**Exercise aim**
Answer with nothing but the number of lines in the listing below that contain "Octavia".

**Entries provided**
"""
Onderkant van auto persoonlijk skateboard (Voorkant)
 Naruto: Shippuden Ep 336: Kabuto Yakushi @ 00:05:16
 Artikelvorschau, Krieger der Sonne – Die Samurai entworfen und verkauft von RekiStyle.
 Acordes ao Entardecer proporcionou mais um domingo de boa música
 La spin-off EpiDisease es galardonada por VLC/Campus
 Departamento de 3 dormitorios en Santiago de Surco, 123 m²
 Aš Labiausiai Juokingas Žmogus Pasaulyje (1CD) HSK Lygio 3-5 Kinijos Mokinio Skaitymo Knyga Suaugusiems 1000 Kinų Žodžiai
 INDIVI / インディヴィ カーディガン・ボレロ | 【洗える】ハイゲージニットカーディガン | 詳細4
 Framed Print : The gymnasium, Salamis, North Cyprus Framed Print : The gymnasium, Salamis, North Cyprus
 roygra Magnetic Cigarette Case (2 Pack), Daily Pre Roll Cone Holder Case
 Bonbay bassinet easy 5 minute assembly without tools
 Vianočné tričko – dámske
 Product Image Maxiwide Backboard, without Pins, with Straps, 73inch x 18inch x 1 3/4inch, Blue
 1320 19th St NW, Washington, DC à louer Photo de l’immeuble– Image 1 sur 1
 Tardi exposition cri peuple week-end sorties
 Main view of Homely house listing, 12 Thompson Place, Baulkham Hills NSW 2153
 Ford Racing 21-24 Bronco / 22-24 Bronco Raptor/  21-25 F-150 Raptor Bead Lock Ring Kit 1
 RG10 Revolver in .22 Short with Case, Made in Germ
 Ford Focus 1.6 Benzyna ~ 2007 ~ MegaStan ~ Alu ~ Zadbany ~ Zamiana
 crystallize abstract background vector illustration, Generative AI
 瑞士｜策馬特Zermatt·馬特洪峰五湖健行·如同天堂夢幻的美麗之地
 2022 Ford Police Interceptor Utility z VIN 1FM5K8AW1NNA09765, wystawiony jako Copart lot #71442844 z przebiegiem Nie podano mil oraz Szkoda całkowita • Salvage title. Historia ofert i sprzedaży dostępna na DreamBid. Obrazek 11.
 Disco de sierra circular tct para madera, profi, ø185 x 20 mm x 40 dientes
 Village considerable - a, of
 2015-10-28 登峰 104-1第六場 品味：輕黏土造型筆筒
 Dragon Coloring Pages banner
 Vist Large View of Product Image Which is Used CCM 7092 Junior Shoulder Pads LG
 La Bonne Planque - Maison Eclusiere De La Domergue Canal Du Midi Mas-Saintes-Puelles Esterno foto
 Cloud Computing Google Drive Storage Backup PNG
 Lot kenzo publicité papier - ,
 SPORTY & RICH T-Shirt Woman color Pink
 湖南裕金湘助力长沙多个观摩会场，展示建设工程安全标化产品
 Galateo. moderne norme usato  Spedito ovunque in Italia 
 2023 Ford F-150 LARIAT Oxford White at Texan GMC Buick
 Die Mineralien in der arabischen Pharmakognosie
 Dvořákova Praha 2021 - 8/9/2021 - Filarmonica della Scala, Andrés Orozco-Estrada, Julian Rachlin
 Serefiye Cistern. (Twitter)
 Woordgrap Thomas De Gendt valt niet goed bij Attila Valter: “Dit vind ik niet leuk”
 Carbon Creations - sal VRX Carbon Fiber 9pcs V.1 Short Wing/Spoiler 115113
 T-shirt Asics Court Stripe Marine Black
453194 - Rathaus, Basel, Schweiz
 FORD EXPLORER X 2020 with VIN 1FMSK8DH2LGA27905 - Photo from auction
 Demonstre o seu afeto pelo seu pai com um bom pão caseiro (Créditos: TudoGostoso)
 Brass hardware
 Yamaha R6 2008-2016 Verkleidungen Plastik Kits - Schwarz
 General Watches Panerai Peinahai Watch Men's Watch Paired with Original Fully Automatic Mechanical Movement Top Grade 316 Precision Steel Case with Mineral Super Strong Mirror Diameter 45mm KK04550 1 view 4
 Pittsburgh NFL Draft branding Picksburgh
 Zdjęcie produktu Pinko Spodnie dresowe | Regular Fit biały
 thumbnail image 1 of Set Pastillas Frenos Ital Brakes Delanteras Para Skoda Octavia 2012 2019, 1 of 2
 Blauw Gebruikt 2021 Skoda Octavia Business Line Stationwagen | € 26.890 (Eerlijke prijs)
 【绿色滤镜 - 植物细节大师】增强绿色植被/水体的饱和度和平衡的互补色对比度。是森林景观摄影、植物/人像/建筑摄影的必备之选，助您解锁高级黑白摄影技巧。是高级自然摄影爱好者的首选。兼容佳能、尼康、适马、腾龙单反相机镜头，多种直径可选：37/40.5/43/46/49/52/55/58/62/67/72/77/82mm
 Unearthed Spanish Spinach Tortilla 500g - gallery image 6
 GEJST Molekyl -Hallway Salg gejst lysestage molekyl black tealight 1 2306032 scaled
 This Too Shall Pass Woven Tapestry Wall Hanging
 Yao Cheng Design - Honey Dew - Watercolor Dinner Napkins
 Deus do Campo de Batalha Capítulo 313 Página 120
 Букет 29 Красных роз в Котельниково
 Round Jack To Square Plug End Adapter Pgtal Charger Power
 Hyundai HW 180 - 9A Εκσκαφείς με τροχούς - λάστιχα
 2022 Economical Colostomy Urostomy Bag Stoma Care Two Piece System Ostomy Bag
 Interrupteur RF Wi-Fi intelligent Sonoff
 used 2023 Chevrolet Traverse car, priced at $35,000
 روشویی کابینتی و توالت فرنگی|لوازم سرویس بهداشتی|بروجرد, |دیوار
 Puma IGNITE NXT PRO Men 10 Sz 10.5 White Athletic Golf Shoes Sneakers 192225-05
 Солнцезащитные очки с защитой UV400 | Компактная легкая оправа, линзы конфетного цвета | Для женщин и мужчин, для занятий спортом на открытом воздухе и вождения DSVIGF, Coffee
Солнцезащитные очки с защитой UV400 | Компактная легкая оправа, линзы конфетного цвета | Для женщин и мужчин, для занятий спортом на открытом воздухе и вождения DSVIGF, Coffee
"""
**Written solution**
2